36 Finalists Blog 2021: Margi Preus

Margi Preus, author of The Littlest Voyageur

Middle Grade Literature category, sponsored by Education Minnesota

Each week leading up to the 33rd annual Minnesota Book Awards announcement, we are featuring exclusive interviews with our 36 finalists. You can also watch the authors in conversation with their fellow category finalists here.

In a year defined by a pandemic and its fallout, virtually everything about our lives has changed in some way. How has COVID-19 impacted your writing habits and preferences? Has the unique zeitgeist of the past year influenced your writing output in any ways that you can pinpoint? 

Like a lot of others (from what I hear) I floundered for a while. With everything that was going on in the world it could be hard to focus on that 8 1/2 x 11 sheet of paper. (I write the old fashioned way). In addition, my grown children came home to stay for many months which was a wonderful thing but the solitary task of writing took a hit. But I am back at it now and writing something completely different for me–a new challenge for a new time. 

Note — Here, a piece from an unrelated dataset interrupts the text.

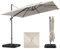 HOTIME Parasol déporté carré en aluminium pour patio, jardin, terrasse, piscine, 3 x 3 m, avec rotation à 360° et 5 angles de réglage, 3 x 3 m, beige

Would you tell us one or two things about your finalist book that you are particularly proud of, and why? (Sure, it may feel a bit un-Minnesotan to say so, but it’s not boasting if we ask!) 

I don’t know how PROUD I am of it, but I am certainly pleased that northern Minnesota is a featured part of this book, and that at last, a little red squirrel, preeminent creature of the northwoods, gets to have his say–about everything! Also, the idea Jean Gentille hatches of the traveling, lending “book canoe”–I really think it’s going to take off. 

What do you hope that your audience learns or takes away from your book?

I hope the story inspires young readers to adventure out and explore their area’s woods and waterways. Jean Pierre Petit le Rouge (squirrel) hopes the story inspires those readers to also respect the Earth’s wild denizens. 

Minnesota enjoys a reputation as a place that values literature and reading. If this sentiment rings true for you, what about our home state makes it such a welcoming and conductive place for writers? 

Wow! As I believe I said at a previous MNBA event, Minnesota is like Paris in the 20’s–so many great writers all in the same place at the same time. And in the children’s book world, as I know from personal experience, they are a welcoming and inclusive bunch of people. 

What advice would you give to an aspiring writer with an interest in your category? 

Read. Write. Revise. Repeat.  

Tell us something about yourself that is not widely known! (It doesn’t have to be about your writing.) 

In addition to writing for and directing a comedy theater company for most of my previous grown up life, I’ve written a couple of comic opera libretti. 

Margi Preus is a New York Times bestselling author of several books for young readers, including the Newbery Honor book Heart of a Samurai and West of the Moon, winner of a Minnesota Book Award.